No, I'm saying they make very clear in the article that these experts are speculating. Further, the group VIPS, is split on the issue, there is not even unanimous agreement internally about the findings. Are you saying a bunch of guys who don't have all the pertinent information are more likely to reliably assess a situation than the people who have all the information as well as equivalent expertise?
 
No, I'm saying they make very clear in the article that these experts are speculating. Further, the group VIPS, is split on the issue, there is not even unanimous agreement internally about the findings. Are you saying a bunch of guys who don't have all the pertinent information are more likely to reliably assess a situation than the people who have all the information as well as equivalent expertise?

Lol, what article were you reading?

I mean it says in the title. Evidence points to leak not hack.

Are these people lying?
 
Lol, what article were you reading?

I mean it says in the title. Evidence points to leak not hack.

Are these people lying?
I'm trying really hard not to bring your reading comprehension into question since I find you an overall interesting poster, but...

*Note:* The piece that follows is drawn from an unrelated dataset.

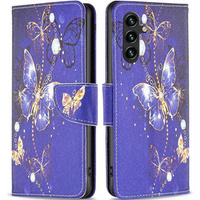 Чохол-книжка для Samsung Galaxy A15, Wallet, purple butterflies + скло 9H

"...we should have made certain that several of the article’s conclusions were presented as possibilities, not as certainties. And given the technical complexity of the material, we would have benefited from bringing on an independent expert to conduct a rigorous review of the VIPS technical claims.

We have obtained such a review in the last week from Nathan Freitas of the Guardian Project. He has evaluated both the VIPS memo and Lawrence’s article. Freitas lays out several scenarios in which the DNC could have been hacked from the outside, although he does not rule out a leak. Freitas concludes that all parties “must exercise much greater care in separating out statements backed by available digital metadata from thoughtful insights and educated guesses.” His findings are published here.
 
I'm trying really hard not to bring your reading comprehension into question since I find you an overall interesting poster, but...

"...we should have made certain that several of the article’s conclusions were presented as possibilities, not as certainties. And given the technical complexity of the material, we would have benefited from bringing on an independent expert to conduct a rigorous review of the VIPS technical claims.

We have obtained such a review in the last week from Nathan Freitas of the Guardian Project. He has evaluated both the VIPS memo and Lawrence’s article. Freitas lays out several scenarios in which the DNC could have been hacked from the outside, although he does not rule out a leak. Freitas concludes that all parties “must exercise much greater care in separating out statements backed by available digital metadata from thoughtful insights and educated guesses.” His findings are published here.

That is some BS man. You need to work on your own reading comprehension.

Vips doesn't have evidence? Well neither does the government, or if they do, they aren't releasing it. So vips and the government are on equal footing there.

This is a analysis, by people who have standing and expertise to offer that opinion. The government has offered nothing more than this. Every criticism you launch at vips, turn it back and apply it to the government.

You are playing silly word games here.